To do:
Write out each entry below exactly. Do not include the images.
[[ Material for this task open ]]
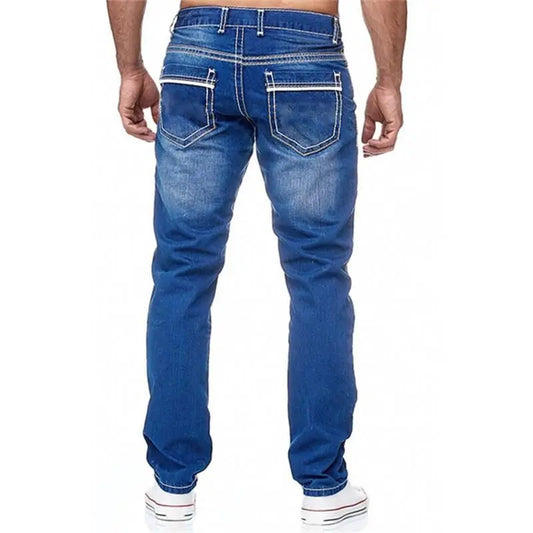Vintage Men Jean Denim Pants Washed Pockets Mid Waist Zipper Fly Loose Fit Punk Style Distressed Ankle Length Straight Jeans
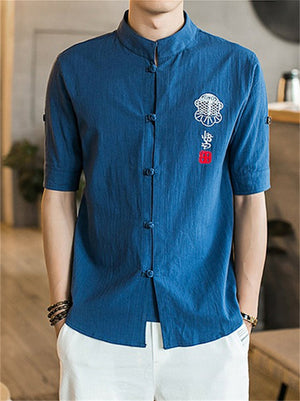 Men's Summer Short Sleeve Linen Blouse Shirt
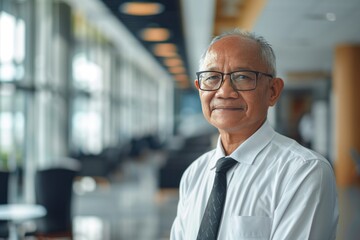 Portrait of successful senior Malay businessman consultant looking at camera and smiling inside modern office building , background blur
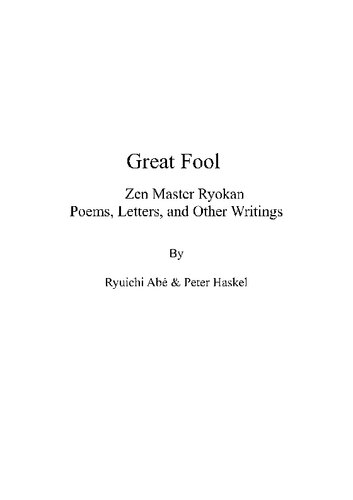 Great fool. Zen master Ryokan. Poems, letters, and other writings
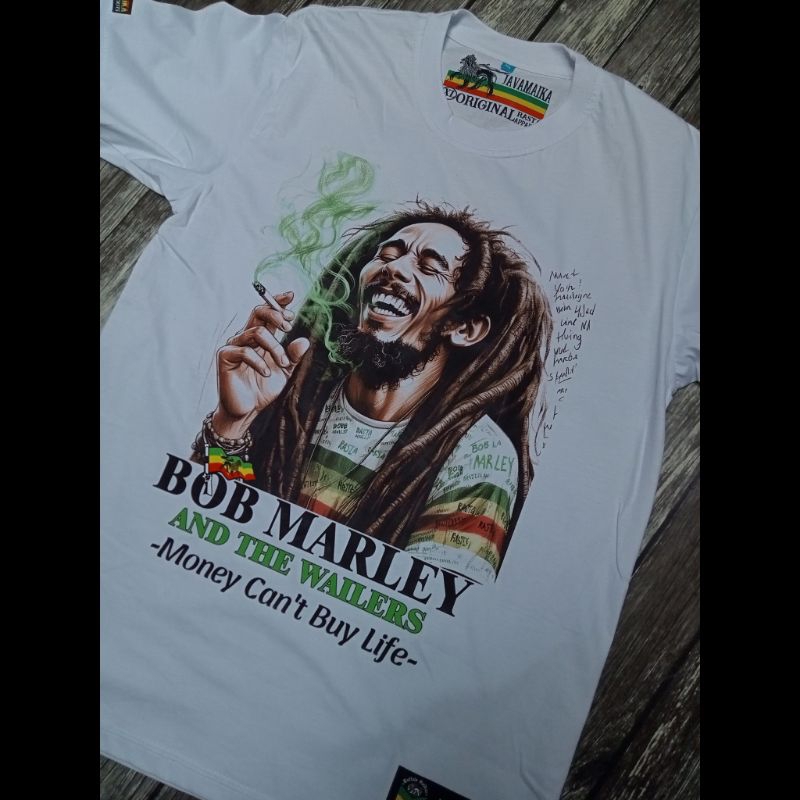 Kaos Bob Marley Money Can't Buy Life Baju Reggae t-shirt Rasta Bob Marley Original Roots Javamaika R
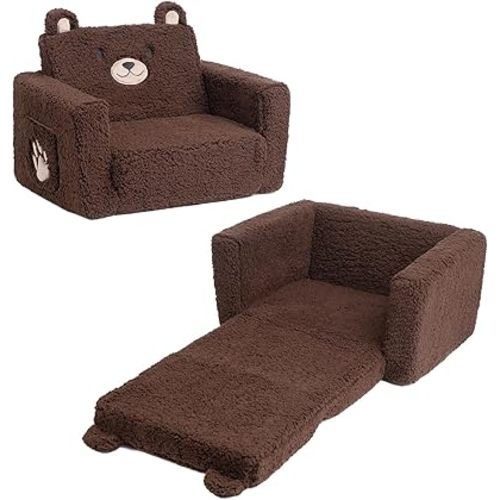 2-in-1 Cuddly Sherpa Bear Chair
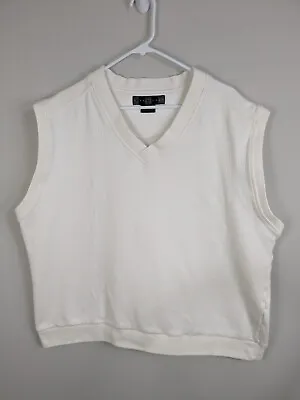 Vintage Nike Golf Sweater Vest Men's 2XL White Stretch Swoosh • $19.60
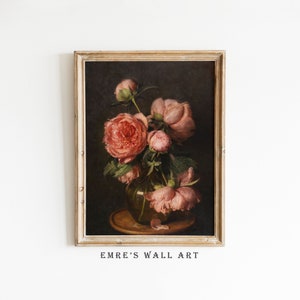 Pintura de flores vintage con un tono melancólico, arte de pared imprimible con rosas, decoración del hogar con naturaleza muerta IMPRIMIBLE, arte antiguo descargable digital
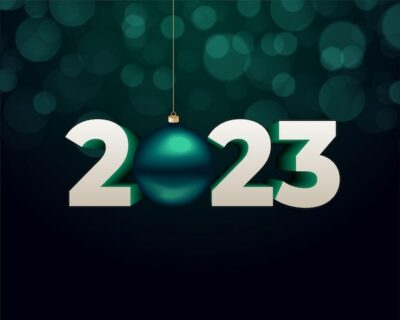 Free Vector | Happy new year 2023 bokeh background with 3d ball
[[ Material for this task closed ]]
Output below:
Vintage Men Jean Denim Pants Washed Pockets Mid Waist Zipper Fly Loose Fit Punk Style Distressed Ankle Length Straight Jeans
 Men's Summer Short Sleeve Linen Blouse Shirt
 Portrait of successful senior Malay businessman consultant looking at camera and smiling inside modern office building , background blur
 Great fool. Zen master Ryokan. Poems, letters, and other writings
 Kaos Bob Marley Money Can't Buy Life Baju Reggae t-shirt Rasta Bob Marley Original Roots Javamaika R
 2-in-1 Cuddly Sherpa Bear Chair
 Vintage Nike Golf Sweater Vest Men's 2XL White Stretch Swoosh • $19.60
 Pintura de flores vintage con un tono melancólico, arte de pared imprimible con rosas, decoración del hogar con naturaleza muerta IMPRIMIBLE, arte antiguo descargable digital
 Free Vector | Happy new year 2023 bokeh background with 3d ball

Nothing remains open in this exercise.